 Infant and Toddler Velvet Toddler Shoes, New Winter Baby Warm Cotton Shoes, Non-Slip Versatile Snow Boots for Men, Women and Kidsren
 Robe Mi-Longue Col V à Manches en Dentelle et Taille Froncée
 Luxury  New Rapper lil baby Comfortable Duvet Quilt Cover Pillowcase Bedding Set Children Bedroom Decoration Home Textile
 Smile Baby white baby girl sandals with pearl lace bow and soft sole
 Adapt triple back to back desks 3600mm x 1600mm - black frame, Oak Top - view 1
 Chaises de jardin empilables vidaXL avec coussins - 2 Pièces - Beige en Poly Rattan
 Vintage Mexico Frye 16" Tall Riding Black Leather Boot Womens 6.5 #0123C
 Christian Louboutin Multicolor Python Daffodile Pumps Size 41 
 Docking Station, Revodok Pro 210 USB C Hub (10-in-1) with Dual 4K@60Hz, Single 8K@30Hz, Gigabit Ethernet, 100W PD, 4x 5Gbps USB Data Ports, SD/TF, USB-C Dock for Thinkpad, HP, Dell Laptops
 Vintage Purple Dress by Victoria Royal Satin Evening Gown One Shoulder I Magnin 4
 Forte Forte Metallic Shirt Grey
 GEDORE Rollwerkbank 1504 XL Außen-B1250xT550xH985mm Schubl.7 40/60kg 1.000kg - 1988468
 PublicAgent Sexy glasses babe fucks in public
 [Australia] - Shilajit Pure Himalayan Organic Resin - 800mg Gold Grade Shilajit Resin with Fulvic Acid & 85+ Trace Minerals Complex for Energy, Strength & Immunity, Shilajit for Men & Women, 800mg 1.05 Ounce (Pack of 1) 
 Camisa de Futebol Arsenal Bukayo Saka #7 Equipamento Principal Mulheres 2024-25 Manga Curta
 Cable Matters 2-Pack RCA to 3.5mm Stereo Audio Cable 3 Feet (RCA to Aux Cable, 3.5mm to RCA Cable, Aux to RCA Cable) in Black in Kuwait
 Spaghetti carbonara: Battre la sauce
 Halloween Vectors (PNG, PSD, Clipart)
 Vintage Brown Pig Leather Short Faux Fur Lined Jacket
····················
Using the material above, reproduce exactly the line that contains "Camisa de Futebol" and all lines after it through the last one, and only those.

 Camisa de Futebol Arsenal Bukayo Saka #7 Equipamento Principal Mulheres 2024-25 Manga Curta
 Cable Matters 2-Pack RCA to 3.5mm Stereo Audio Cable 3 Feet (RCA to Aux Cable, 3.5mm to RCA Cable, Aux to RCA Cable) in Black in Kuwait
 Spaghetti carbonara: Battre la sauce
 Halloween Vectors (PNG, PSD, Clipart)
 Vintage Brown Pig Leather Short Faux Fur Lined Jacket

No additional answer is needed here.